AI impacts people who manage organizations. Previously, managers would ask the question tell me how you did that. Now, this question is now replaced by show me the data.

This data driven approach to artificial intelligence has caused very powerful transformation in the industry, but people are still confused by what Artificial Intelligence really means. Schabenberger cuts a neat and disciplined distinction between Narrow and General Artificial Intelligence.

Rethinking Narrow and General Artificial Intelligence

Shabenberger’s insight is that people’s expectations on Artificial Intelligence can be distinguished by the tasks it is expected to do, as well as its autonomy. Does it really think and work in a real environment, or is it dedicated to a narrow task, which it does well?
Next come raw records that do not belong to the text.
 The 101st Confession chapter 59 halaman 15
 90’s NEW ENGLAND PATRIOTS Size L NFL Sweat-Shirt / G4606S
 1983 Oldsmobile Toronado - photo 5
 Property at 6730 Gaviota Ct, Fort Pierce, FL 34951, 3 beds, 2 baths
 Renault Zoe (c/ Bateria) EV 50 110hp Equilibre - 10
Artificial General Intelligence

artificial-intelligence-3685928_1280

The goal of AGI is to create a general thinking machine. It is a machine that has a thinking capacity. In Artificial General Intelligence, the definition includes self-sufficiency and broad human-like general intelligence, where the intelligence can be extrapolated from one situation to another and the system can learn over time. Perhaps, if it is to be human-like, it can forget over time, too, and choose areas to focus?

AI-20171012113039221

Schabenberger calls this approach Artificial General Intelligence (AGI). In this interpretation of Artificial Intelligence, the goal is to have the machines behave, think and be like humans. It is to attempt to realise human intelligence in hardware and software. It is distinct from the narrow form of Artificial Intelligence because it focuses on a breadth of activities, rather than a very focused attempt of using human-like intelligence in one domain with a high degree of expertise.
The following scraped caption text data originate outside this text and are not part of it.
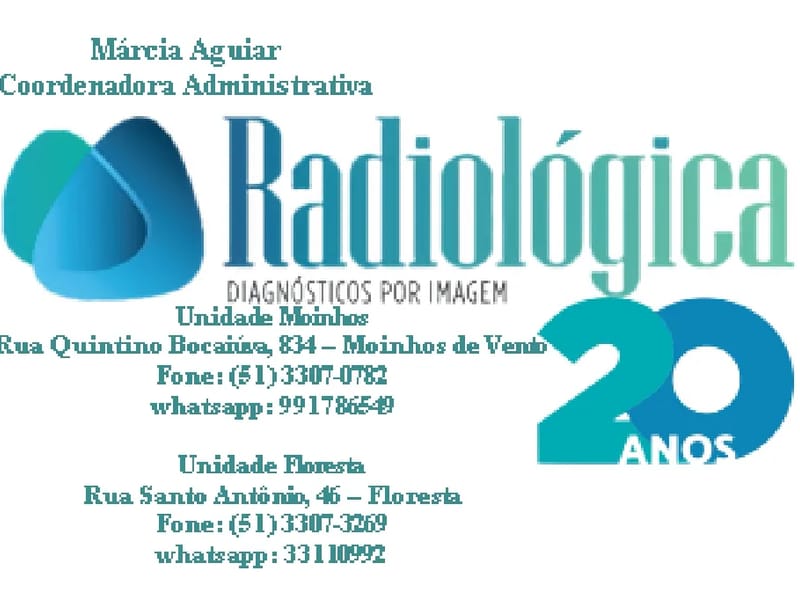 MUSA AGUIAR DIAGNOSTICO MEDICO - Cuidado Domiciliar in Porto Alegre, RS photo 2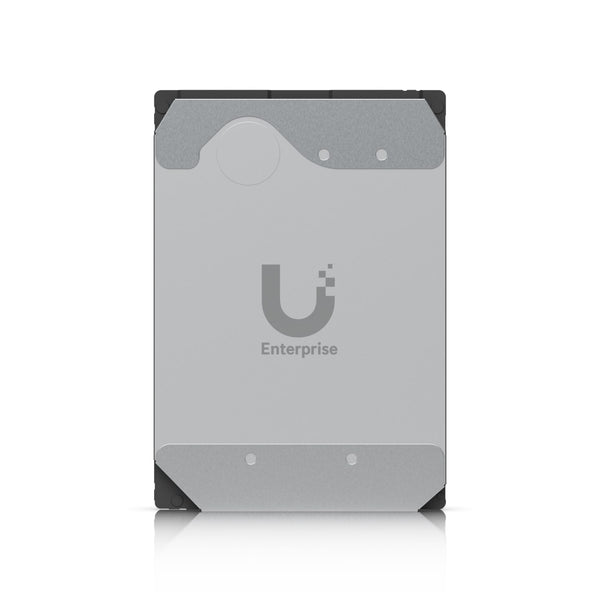 Ubiquiti Enterprise 3.5" HDD, 24 TB, Enterprise-Grade 3.5" SATA Hard Drive Ideal For Storage-Intensive UniFi Camera Security NAS Systems.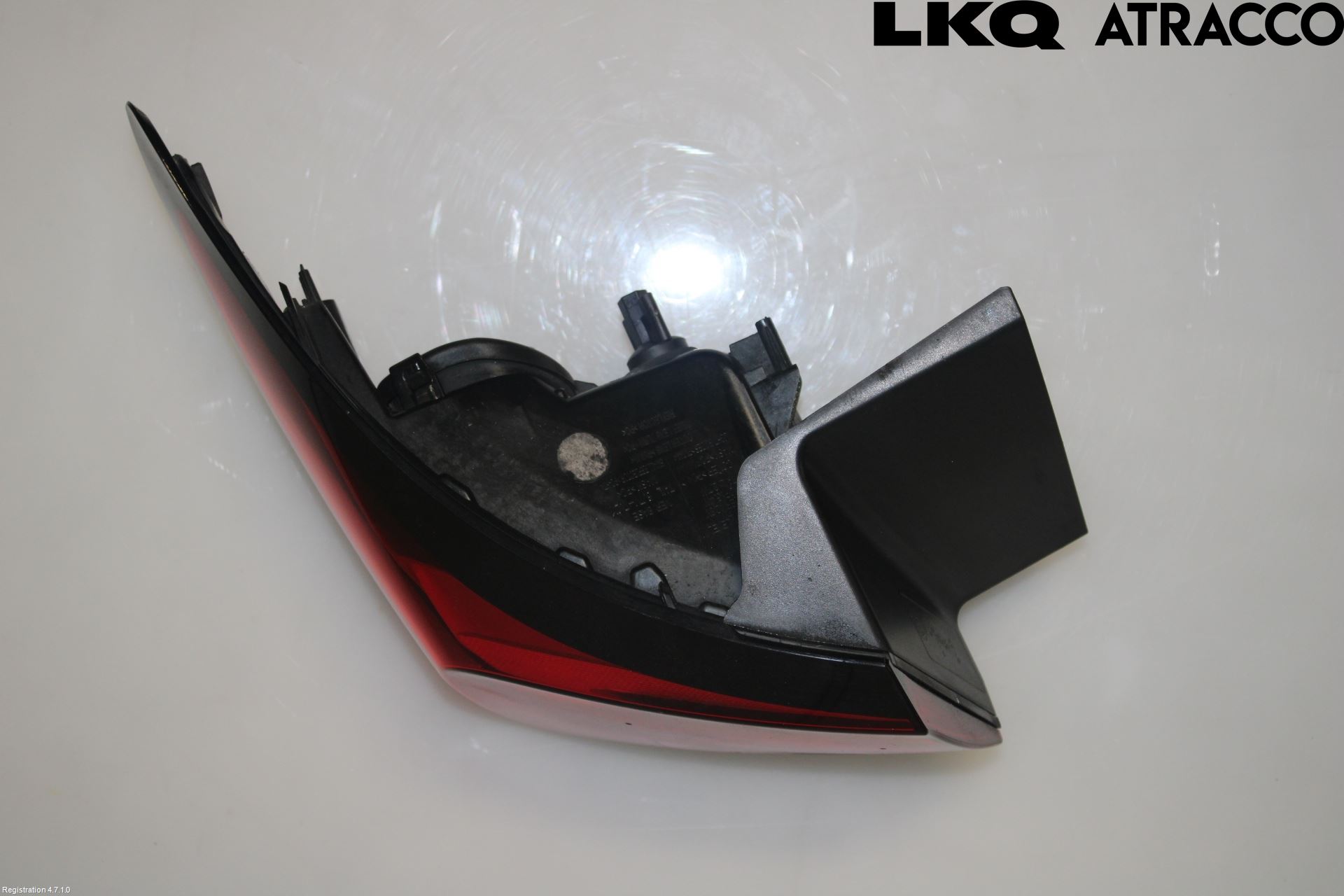 Opel ASTRA K 16-22 Baklykt Venstre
Narrow Artificial Intelligence

In contrast to this perspective, there’s another approach to artificial intelligence, which Schabenberger calls Artificial Narrow Intelligence. In contrast to AGI, these artificial intelligence systems do not think. These systems are applying and executing algorithms, not thinking. They may also learn from evidence, but the data and the modelling fundamentally comes from humans in some way.

For example, let’s take Siri, Alexa and Cortana. This is a narrow form of artificial intelligence which solves very specific tasks. These systems are purpose built systems, aimed at a specific objective. These systems are executing algorithms that are programmed implicitly.
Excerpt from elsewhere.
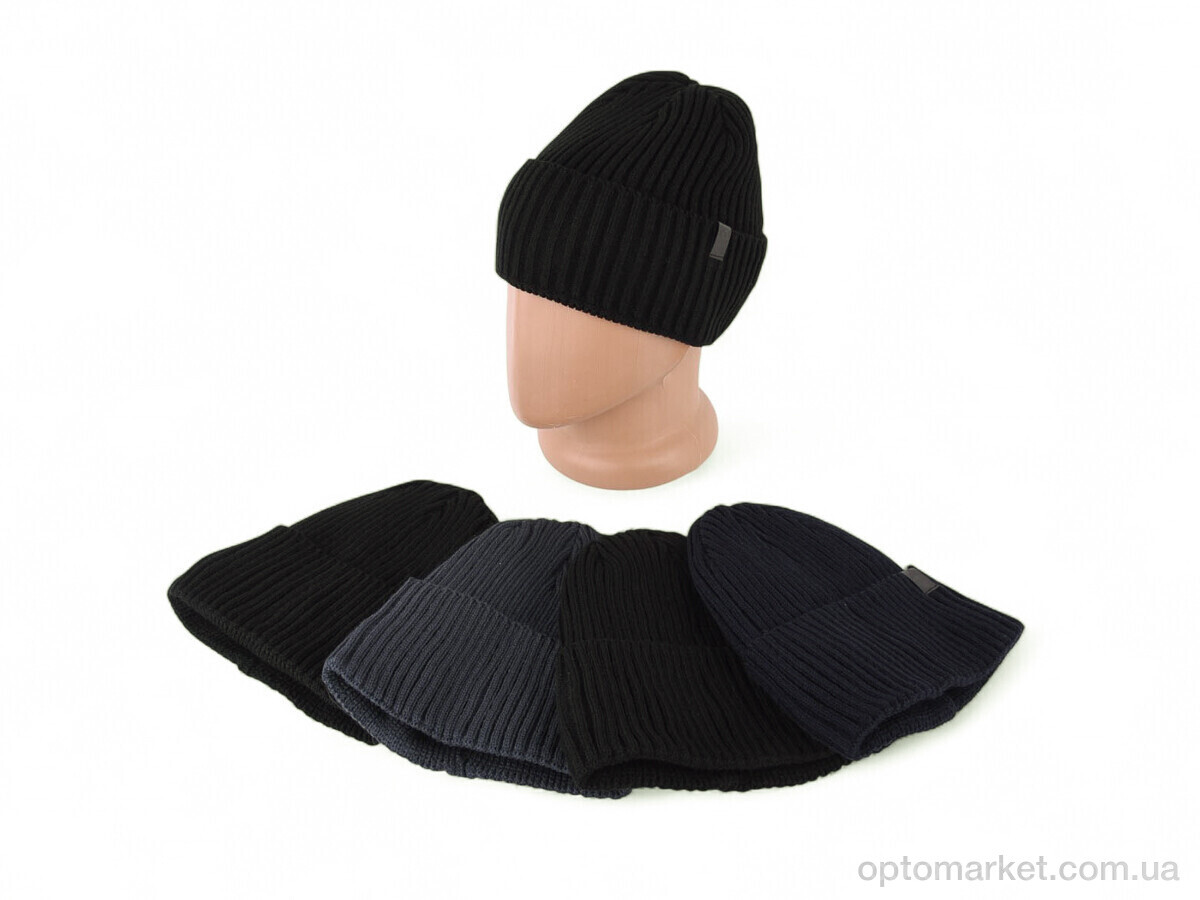 Купить Шапка чоловічі Y17-10 mix A.idas мікс, фото 2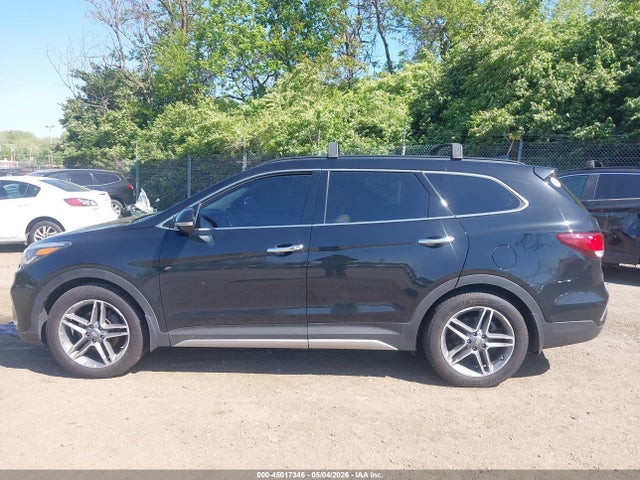 Hyundai SANTA FE Limited Ultimate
What does the distinction mean for industry?

The precise distinction will allow businesses to formalize and understand what they mean when they talk about AI. With AI, everyone has an opinion, and they can mean different things. By focusing on outcomes, this means that business ideas can be generated that can be actionable and achievable by focusing on an understanding of AI that is Narrow, rather than the general, sweeping definition of Artificial Intelligence.

At present, data specialists and developers are the ones developing the system in silos, with no ethics discussion, or values imbued. However, these decisions cannot be made in a vacuum, with no form of ethics discussion.  We are all impacted by data, and we will all be impacted by Artificial Intelligence. We cannot assume to have the ethical superiority of the uninvolved, pointing fingers when things go wrong. If we are putting God in the machine, let’s make it one that we can and want, to live with.

And what do all these Artificial General Systems have in common? They do not exist, and we have absolutely no clue have to build them, according to Schabenberger. We should have a conversation about what if we could get there. How does that impact ethics? How does it impact jobs? Our planet?

To summarise, Schabenberger’s distinction is very clear for businesses to understand, and to direct their discussions on artificial intelligence. Bringing this clarity is essential when people use the same term to mean different things, and the neat distinction will facilitate successful discussions and outcomes for business.

References

Rosenblatt, F. (1958). The perceptron: A probabilistic model for information storage and organization in the brain. Psychological Review, 65(6), 386-408. http://dx.doi.org/10.1037/h0042519

Rumelhart, D.E; McClelland, James (1986). Parallel Distributed Processing: Explorations in the Microstructure of Cognition. Cambridge: MIT Press. ISBN 978-0-262-63110-5.